Church president Joy Gorian says his sexual orientation is not a factor at First Unitarian Universalist. "It has not in any way adversely affected our congregation, because we are a people who believe that human beings have dignity no matter what their sexual orientation is," Gorian says.

McCall considers himself bisexual. He's been married twice but has been in a same-sex relationship with a partner for the past 15 years. "It's easier to say I'm gay because that's the slot people are going to put me in, rather than say I'm bisexual," he says.

No, he does not consider his sexual orientation a sin. "If it's such a sin, then why I am so blessed?" asks McCall. Instead, he talks about the importance of being in a "right relationship" - one that is not abusive and includes commitment, accountability and sharing.

The 55-year-old clergyman has served in several congregations and social service organizations during his career. He says the color of his skin has been more of an issue than his sexuality. "People are more afraid of me because I'm a black male than because I'm gay."

McCall supports gay marriage. He and his partner, he says, consider themselves married - though the idea of doing it officially in San Francisco is a new option that they are considering.

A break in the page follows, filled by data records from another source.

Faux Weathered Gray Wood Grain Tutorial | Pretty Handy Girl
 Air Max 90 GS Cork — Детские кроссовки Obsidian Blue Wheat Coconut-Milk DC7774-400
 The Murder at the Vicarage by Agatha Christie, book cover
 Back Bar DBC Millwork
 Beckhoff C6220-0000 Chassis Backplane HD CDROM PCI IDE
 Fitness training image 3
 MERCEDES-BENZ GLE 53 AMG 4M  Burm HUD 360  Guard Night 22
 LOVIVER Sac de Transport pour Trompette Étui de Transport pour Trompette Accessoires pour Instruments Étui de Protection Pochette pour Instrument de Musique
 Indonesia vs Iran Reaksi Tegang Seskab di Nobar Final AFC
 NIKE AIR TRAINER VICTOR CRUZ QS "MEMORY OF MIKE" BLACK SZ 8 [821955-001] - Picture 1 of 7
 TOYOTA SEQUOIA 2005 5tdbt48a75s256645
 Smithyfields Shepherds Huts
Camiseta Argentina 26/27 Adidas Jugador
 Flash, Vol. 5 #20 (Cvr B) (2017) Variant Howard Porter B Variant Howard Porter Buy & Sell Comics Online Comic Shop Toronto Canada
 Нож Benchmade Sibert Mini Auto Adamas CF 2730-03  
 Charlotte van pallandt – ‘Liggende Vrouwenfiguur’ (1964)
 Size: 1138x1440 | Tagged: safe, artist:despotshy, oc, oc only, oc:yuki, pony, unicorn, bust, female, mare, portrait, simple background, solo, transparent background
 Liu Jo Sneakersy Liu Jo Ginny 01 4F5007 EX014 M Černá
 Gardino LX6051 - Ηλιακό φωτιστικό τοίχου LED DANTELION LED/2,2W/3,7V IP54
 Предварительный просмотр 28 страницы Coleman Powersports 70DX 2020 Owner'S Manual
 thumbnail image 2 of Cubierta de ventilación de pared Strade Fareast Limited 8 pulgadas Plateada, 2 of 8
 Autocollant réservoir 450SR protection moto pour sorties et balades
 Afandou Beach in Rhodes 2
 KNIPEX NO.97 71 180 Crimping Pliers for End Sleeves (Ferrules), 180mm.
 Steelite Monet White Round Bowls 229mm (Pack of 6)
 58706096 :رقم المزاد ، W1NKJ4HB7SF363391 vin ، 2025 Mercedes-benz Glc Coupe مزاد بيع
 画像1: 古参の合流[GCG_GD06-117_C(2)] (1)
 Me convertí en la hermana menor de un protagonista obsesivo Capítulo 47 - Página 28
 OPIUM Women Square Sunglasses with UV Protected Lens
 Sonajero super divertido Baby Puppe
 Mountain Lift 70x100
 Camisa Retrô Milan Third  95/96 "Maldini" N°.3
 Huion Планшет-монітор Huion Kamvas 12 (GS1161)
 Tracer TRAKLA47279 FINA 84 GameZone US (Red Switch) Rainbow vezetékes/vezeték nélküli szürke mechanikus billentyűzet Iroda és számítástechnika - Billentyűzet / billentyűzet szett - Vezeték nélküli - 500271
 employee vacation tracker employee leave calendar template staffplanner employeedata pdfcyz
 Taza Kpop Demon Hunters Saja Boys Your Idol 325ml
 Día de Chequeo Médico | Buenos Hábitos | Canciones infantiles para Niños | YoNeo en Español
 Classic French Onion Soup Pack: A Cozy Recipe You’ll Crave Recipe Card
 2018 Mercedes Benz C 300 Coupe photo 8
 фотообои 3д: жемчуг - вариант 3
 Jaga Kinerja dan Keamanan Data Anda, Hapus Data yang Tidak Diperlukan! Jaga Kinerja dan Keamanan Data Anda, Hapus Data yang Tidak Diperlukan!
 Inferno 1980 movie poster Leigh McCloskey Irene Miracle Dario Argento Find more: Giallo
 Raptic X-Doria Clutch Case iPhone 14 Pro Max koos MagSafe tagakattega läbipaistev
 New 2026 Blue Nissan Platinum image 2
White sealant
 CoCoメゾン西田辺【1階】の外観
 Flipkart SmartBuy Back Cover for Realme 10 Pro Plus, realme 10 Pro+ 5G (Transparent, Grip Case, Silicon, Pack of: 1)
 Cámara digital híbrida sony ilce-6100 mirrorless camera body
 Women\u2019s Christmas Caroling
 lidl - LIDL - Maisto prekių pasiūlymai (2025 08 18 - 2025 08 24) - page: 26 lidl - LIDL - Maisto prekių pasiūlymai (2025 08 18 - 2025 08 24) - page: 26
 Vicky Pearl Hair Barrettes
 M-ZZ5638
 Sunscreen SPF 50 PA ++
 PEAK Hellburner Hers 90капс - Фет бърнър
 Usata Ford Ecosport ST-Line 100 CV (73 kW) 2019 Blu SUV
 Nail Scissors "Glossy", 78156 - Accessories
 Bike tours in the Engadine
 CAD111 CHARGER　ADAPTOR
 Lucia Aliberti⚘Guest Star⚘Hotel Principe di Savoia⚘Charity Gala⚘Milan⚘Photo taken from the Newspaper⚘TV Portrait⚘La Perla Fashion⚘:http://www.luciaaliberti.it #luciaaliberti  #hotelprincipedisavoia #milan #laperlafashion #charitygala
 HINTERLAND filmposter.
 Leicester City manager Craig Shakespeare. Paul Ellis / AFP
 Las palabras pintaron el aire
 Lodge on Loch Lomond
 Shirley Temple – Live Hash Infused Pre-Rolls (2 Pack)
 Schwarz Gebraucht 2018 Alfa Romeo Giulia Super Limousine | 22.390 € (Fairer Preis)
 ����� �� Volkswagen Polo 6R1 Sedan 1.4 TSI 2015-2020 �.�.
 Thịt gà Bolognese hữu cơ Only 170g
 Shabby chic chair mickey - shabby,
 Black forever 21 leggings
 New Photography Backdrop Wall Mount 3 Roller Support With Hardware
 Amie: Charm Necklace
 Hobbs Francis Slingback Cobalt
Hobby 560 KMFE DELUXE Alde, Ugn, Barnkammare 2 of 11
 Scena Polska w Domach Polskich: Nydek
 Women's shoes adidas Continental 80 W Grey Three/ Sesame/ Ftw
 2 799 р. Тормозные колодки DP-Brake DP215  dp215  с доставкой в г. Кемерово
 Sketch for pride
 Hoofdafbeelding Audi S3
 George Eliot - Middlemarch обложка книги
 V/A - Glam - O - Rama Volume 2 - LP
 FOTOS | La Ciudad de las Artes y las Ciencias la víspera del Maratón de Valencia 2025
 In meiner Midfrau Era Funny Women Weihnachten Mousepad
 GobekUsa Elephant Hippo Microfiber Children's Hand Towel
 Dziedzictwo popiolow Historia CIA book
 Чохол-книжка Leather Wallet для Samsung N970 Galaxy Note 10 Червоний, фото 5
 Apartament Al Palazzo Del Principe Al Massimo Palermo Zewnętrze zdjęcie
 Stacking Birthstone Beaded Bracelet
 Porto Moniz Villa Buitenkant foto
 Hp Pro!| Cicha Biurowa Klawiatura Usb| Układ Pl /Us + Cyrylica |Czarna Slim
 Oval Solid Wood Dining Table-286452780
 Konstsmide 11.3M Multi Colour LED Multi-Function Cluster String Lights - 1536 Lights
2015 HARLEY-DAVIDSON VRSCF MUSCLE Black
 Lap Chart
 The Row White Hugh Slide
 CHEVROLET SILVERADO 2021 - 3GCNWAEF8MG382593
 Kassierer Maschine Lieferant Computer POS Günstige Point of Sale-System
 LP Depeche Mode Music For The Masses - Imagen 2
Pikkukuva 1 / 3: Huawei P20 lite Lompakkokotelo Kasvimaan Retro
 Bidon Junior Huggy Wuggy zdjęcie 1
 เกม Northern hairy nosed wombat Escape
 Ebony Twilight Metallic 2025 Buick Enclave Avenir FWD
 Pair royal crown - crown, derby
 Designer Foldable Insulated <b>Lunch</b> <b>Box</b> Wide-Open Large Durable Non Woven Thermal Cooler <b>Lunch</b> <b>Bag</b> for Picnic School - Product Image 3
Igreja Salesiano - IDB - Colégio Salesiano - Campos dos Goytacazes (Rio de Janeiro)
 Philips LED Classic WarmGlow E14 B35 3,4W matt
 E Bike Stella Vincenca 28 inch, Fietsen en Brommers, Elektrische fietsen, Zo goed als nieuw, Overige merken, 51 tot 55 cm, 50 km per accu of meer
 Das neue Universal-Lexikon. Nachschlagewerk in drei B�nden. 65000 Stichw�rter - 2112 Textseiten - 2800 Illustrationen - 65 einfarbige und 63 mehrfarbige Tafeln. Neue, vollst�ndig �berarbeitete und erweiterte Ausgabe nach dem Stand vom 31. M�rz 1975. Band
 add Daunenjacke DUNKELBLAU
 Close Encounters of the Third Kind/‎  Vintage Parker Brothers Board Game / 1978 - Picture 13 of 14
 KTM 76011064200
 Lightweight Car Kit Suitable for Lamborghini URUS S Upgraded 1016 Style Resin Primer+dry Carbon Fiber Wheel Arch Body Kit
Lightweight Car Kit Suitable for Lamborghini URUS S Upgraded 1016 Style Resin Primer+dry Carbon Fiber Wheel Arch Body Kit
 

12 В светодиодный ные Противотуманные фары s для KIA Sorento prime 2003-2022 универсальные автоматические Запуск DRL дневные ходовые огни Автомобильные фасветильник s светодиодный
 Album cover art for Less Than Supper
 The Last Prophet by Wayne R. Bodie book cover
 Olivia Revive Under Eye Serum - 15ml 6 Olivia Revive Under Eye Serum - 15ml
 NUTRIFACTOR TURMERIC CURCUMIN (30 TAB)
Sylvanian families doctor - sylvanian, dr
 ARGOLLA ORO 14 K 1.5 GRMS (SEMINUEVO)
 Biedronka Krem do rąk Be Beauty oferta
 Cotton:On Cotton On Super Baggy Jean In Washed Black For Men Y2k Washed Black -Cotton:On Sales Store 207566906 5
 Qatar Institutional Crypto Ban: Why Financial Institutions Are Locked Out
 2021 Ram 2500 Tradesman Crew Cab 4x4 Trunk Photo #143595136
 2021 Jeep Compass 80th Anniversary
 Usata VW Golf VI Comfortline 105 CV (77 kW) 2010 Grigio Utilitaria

Like others who defend homosexuality, McCall does not read the Bible literally. He believes it is not the Bible, but some of its interpreters, who condemn him. And when he needs reassurance, he looks at the screen on his cell phone, which is programmed with the message: "You are God's child!!!"

He sets down the phone and adds: "I don't just believe it. I know it."

What would God say about the religious divides over homosexuality? "Get over it," McCall answers. "God does not support anything that divides us from each other or ourselves."

He paraphrases Jesus' teachings from the Gospels: "Love thy God with all thy heart and thy neighbor as thyself." He talks about the possibility of a world someday where the color of your skin or who you love doesn't matter. "I better hope that or else I wouldn't be doing what I do."